▶ What this task involves: Whenever a line below includes the word "with", copy that line.

▶ Input for this task:
= = = =
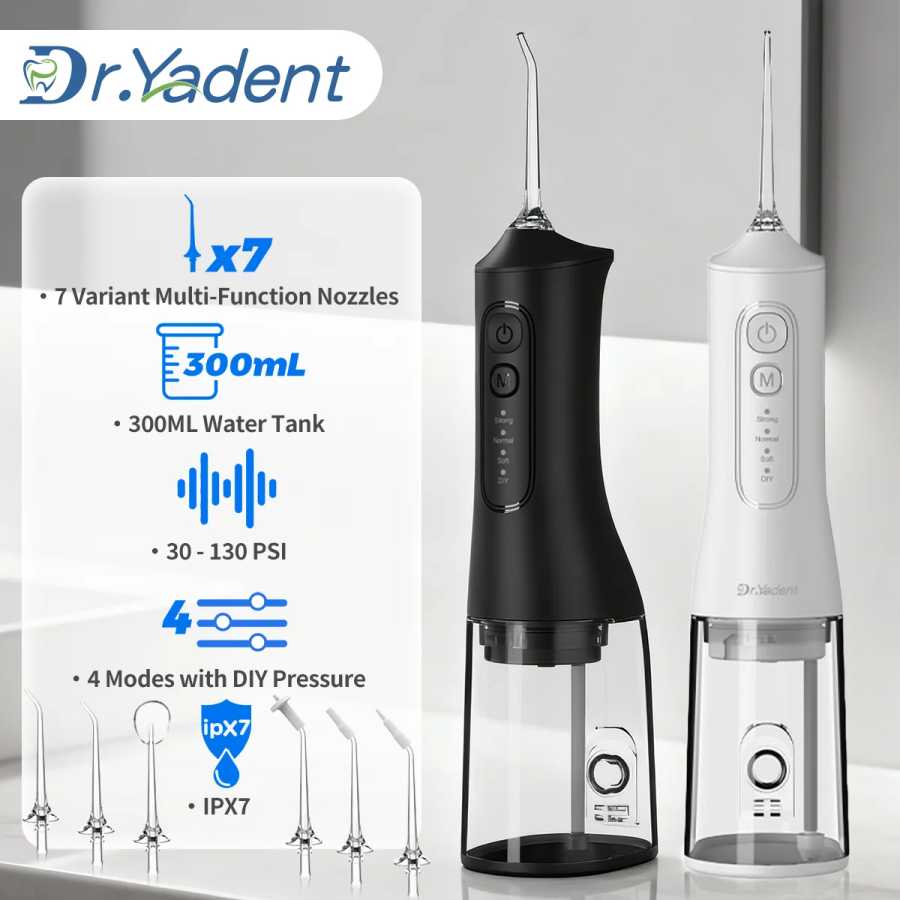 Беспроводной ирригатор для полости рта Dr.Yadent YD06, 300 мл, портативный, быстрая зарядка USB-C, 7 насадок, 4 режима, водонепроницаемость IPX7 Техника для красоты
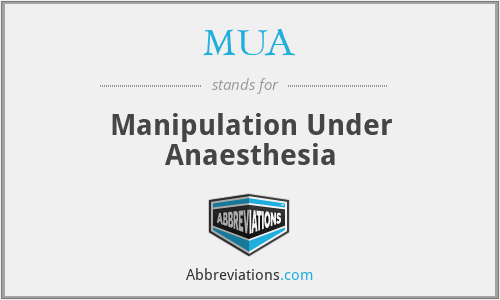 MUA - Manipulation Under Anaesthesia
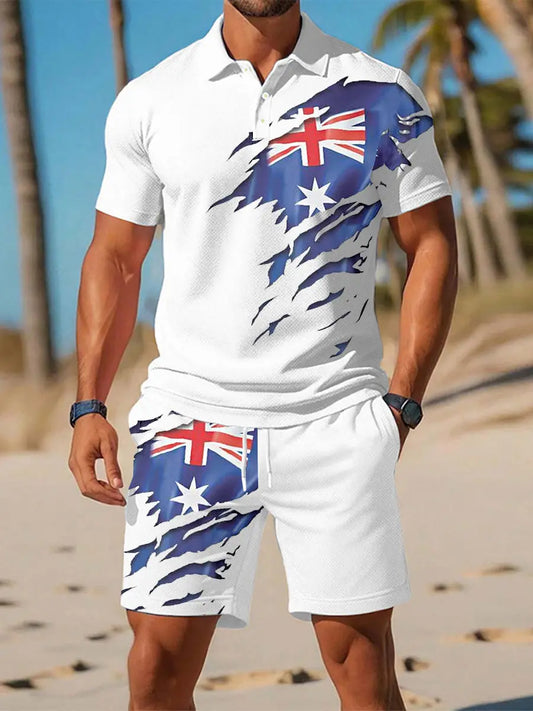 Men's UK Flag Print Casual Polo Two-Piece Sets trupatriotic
= = = =
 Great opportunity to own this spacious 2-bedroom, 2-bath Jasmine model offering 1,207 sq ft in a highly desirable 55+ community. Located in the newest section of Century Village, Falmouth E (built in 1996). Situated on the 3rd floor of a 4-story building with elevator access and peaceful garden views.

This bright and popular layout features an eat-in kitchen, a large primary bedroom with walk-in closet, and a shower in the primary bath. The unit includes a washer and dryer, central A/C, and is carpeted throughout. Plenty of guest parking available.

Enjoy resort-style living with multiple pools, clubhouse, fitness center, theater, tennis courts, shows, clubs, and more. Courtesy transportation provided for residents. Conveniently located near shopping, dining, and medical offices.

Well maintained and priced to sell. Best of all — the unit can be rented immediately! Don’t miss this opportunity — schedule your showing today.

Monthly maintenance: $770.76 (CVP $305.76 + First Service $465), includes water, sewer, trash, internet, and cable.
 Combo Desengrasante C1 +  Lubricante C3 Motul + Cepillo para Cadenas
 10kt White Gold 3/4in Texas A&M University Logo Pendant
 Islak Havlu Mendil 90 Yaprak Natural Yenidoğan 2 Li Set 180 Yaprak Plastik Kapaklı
= = = =
▶ Exercise answer:
 Great opportunity to own this spacious 2-bedroom, 2-bath Jasmine model offering 1,207 sq ft in a highly desirable 55+ community. Located in the newest section of Century Village, Falmouth E (built in 1996). Situated on the 3rd floor of a 4-story building with elevator access and peaceful garden views.
This bright and popular layout features an eat-in kitchen, a large primary bedroom with walk-in closet, and a shower in the primary bath. The unit includes a washer and dryer, central A/C, and is carpeted throughout. Plenty of guest parking available.
Enjoy resort-style living with multiple pools, clubhouse, fitness center, theater, tennis courts, shows, clubs, and more. Courtesy transportation provided for residents. Conveniently located near shopping, dining, and medical offices.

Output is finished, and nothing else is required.